Tätigkeiten mit Biostoffen in Einrichtungen des Gesundheitsdienstes werden ebenfalls Schutzstufen zugeordnet. Tätigkeiten in der ambulanten Pflege dagegen müssen nach der Biostoffverordnung keiner Schutzstufe zugeordnet werden, da sie laut Begriffsbestimmung nicht in Einrichtungen des Gesundheitsdienstes (§ 2 Absatz 14 BioStoffV) durchgeführt werden. Aufgrund der Vergleichbarkeit der Pflegetätigkeiten in beiden Bereichen, wird die ambulante Pflege aber in Nummer 4.3.1 mit erfasst.

4.3.1
Tätigkeiten der Schutzstufe 1 oder 2 und Tätigkeiten in der ambulanten Pflege

(1) In vielen Arbeitsbereichen des Gesundheitsdienstes finden Tätigkeiten der Schutzstufe 1 und 2 nebeneinander statt.
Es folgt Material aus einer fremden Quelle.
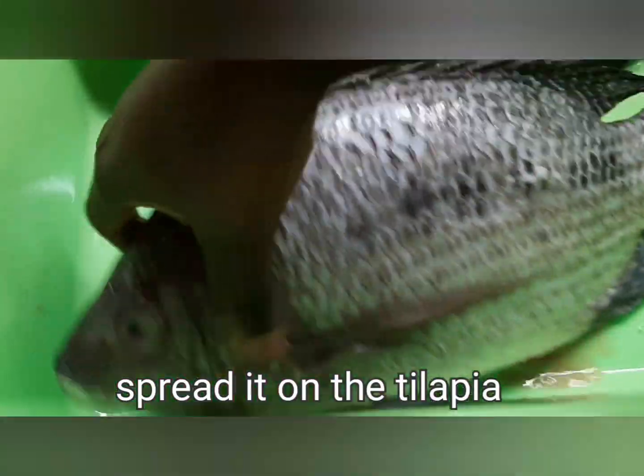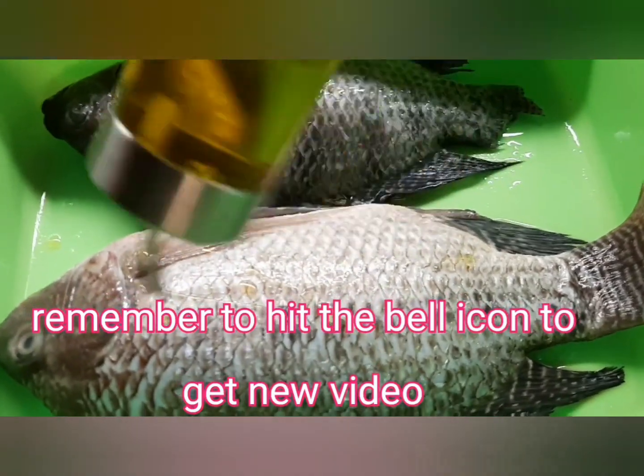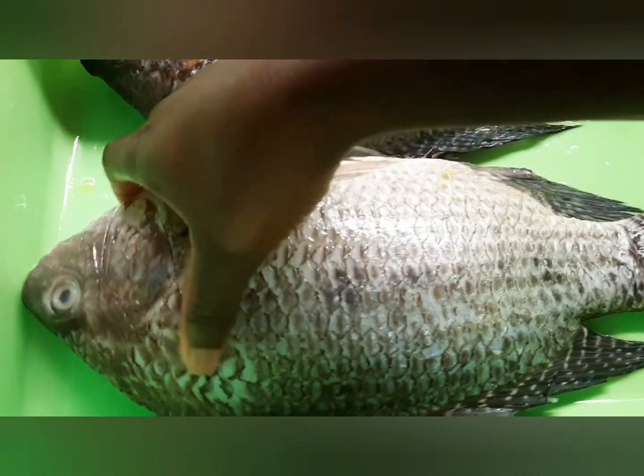Now you're doing a cherry. Please remember to click the bell icon to get new videos.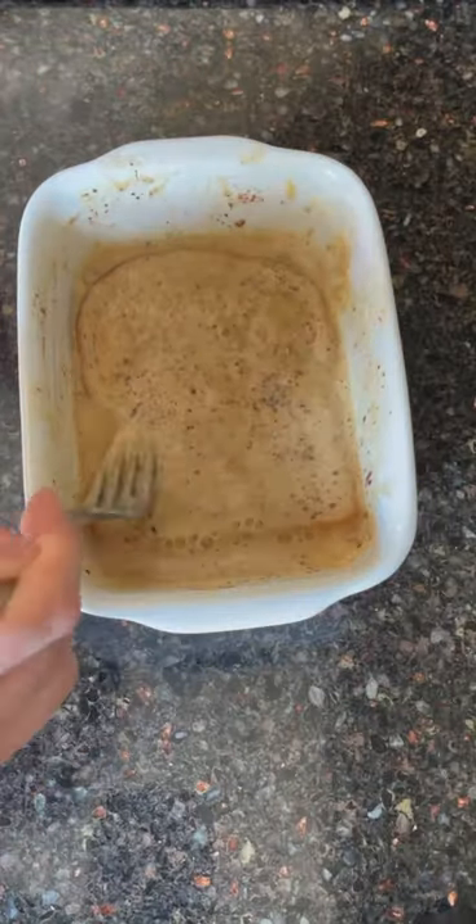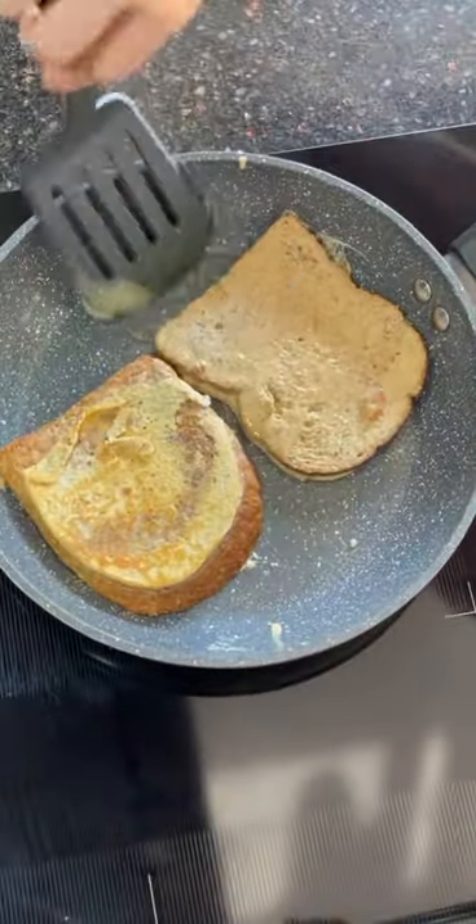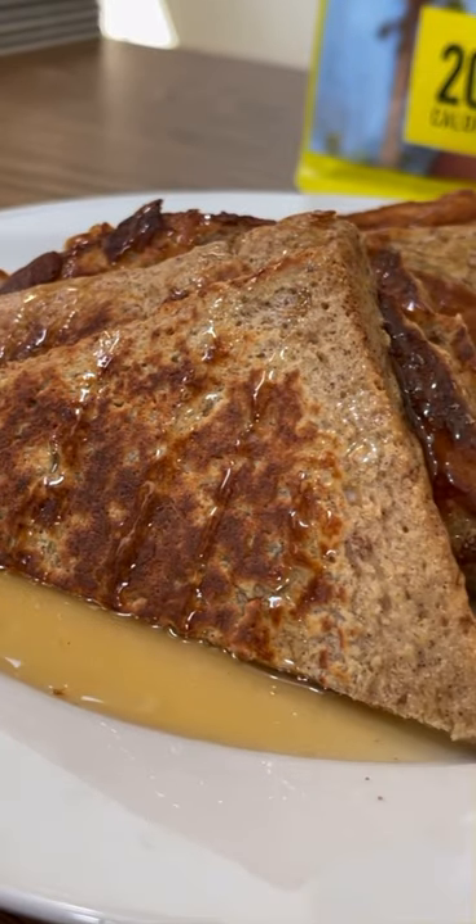Fry the bread off in a hot pan until it's nice and toasted. Add your toppings and enjoy. Make sure you like and follow for more.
Die Fachkundeanforderungen für diese beiden Schutzstufen werden deshalb zusammengefasst. Bei Tätigkeiten der Schutzstufe 1 ist eine Infektionsgefährdung unwahrscheinlich; bei Tätigkeiten der Schutzstufe 2 muss mit einer Infektionsgefährdung gerechnet werden.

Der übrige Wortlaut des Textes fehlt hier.